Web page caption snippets
"""
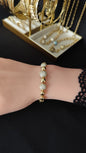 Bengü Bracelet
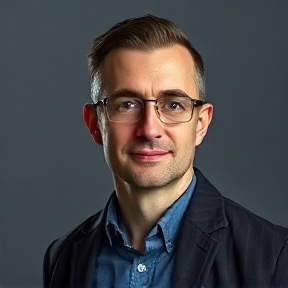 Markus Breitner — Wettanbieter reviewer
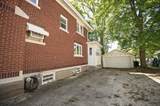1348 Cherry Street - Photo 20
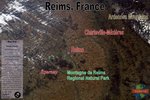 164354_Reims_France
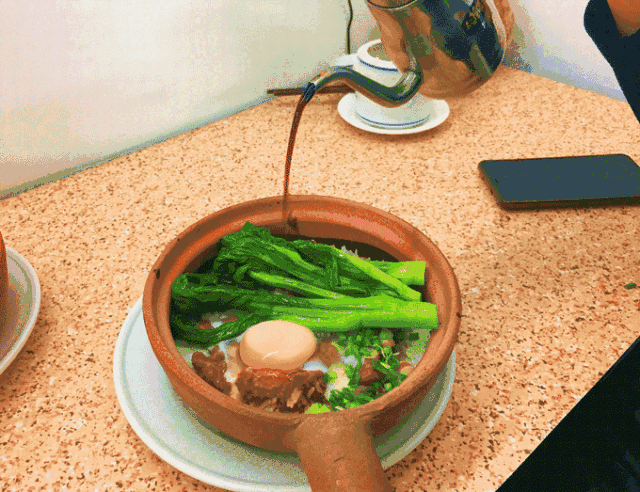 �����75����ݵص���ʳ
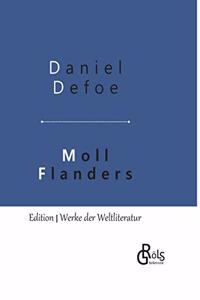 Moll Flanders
"""
◆ **ASSIGNMENT**: Every entry above is to be repeated word for word, with all pictures omitted.

◆ **RESULT OF THE TASK**:
 Bengü Bracelet
 Markus Breitner — Wettanbieter reviewer
1348 Cherry Street - Photo 20
 164354_Reims_France
 �����75����ݵص���ʳ
 Moll Flanders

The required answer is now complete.